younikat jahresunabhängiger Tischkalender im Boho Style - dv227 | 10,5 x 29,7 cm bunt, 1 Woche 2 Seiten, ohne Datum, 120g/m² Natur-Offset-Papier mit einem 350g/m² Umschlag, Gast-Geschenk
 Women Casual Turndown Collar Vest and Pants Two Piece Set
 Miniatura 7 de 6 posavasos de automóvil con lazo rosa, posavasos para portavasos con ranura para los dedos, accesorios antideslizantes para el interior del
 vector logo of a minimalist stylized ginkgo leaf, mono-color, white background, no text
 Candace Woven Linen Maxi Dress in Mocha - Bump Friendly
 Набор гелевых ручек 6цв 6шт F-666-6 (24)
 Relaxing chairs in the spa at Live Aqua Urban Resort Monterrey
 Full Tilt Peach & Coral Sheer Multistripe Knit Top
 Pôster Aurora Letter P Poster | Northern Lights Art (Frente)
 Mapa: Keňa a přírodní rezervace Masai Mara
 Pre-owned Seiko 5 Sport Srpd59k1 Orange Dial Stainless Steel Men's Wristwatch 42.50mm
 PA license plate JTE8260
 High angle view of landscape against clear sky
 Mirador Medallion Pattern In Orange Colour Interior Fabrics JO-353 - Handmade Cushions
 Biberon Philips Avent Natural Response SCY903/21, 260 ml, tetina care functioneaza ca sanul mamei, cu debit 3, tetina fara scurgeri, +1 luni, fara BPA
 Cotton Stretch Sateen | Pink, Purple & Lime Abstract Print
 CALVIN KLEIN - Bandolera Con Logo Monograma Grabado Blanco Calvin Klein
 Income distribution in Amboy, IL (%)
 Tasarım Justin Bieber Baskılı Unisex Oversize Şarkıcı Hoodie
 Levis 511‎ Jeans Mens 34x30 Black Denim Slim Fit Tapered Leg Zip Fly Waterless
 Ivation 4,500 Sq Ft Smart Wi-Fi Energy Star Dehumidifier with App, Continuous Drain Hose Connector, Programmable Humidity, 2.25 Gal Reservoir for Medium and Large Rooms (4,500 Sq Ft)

# Task brief
Filter the entries down to the lines that hold "Orange". Copy those lines.

# Answer box
 Pre-owned Seiko 5 Sport Srpd59k1 Orange Dial Stainless Steel Men's Wristwatch 42.50mm
 Mirador Medallion Pattern In Orange Colour Interior Fabrics JO-353 - Handmade Cushions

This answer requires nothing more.